Five years later, following a state police investigation, veteran officer Vincent McClean – now retired – is on trial for both voluntary and involuntary manslaughter. But McClean is not the officer who fired the fatal shots. Community advocate Earl Lewis finds the case confounding.

“What about the officer who shot him, because the officer who shot him walks away,” Lewis said.

Prosecutors are asking a 12-person jury to convict McClean, who was the supervisor on the scene, claiming he did nothing to save the life of a man who was shot in the back, hands and arms. On day one of testimony, the jury and the victim’s mother had to see and hear graphic police body camera video and audio that captured the last moments of Marabel’s life.

“Willie, Willie, can you hear me honey?”

McClean is heard saying, “he’s breathing, he’s good.”

Later, paramedics arrive and begin CPR in the ambulance.

The prosecution plans to present an expert witness who will say that, had officers administered CPR, Marabel would have survived.
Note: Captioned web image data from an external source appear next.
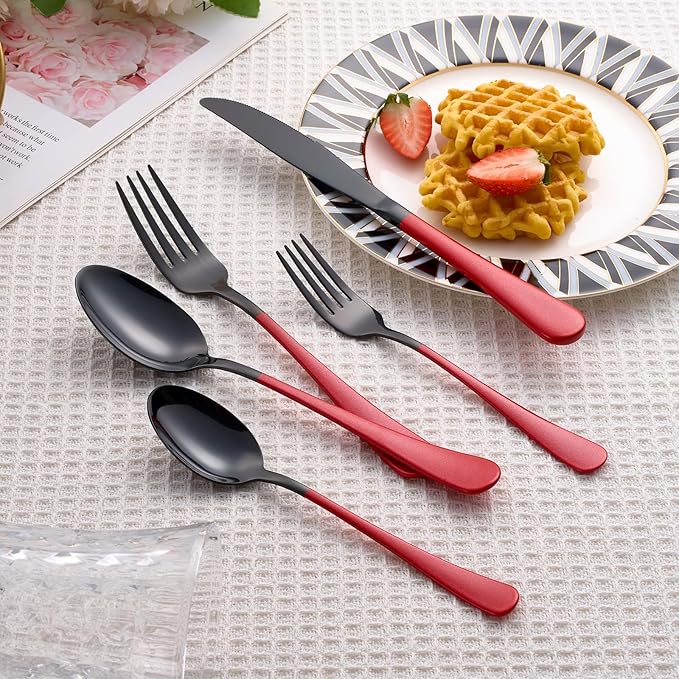 20 Piece Black Red 18/0 Flatware Utensil Set for 4, Include Dinner Knife,Dinner Forks,Dinner Spoons,Salad Forks,Teaspoons,Silverware Set for 4, Dishwasher Safe
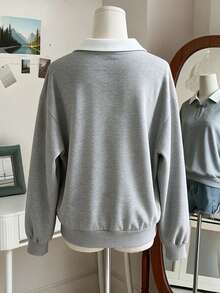 INAWLY Women's Colorblock Lapel Collar Frog Button Design Drop Shoulder Long Sleeve Casual Sweatshirt - Light Grey - View 2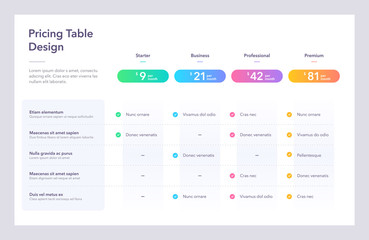 Fototapeta na wymiar Modern pricing table design with four colorful subscription plans. Flat infographic design template for website or presentation.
Here’s where the prosecution’s evidence may self-destruct. The officer who was closest to the victim, and not McClean, testified that he and other officers are not trained in how to perform CPR on a person who is still breathing. The video also captures audio of McClean calling for an ambulance.

“This officer who maybe didn’t get the protocol right,” Lewis said, “he gets caught up in the middle of it.”

Later, defense attorneys are expected to tell the jury McClean is not a doctor, and like most officers, he’s not qualified to tell whether a gunshot victim has life-threatening injuries.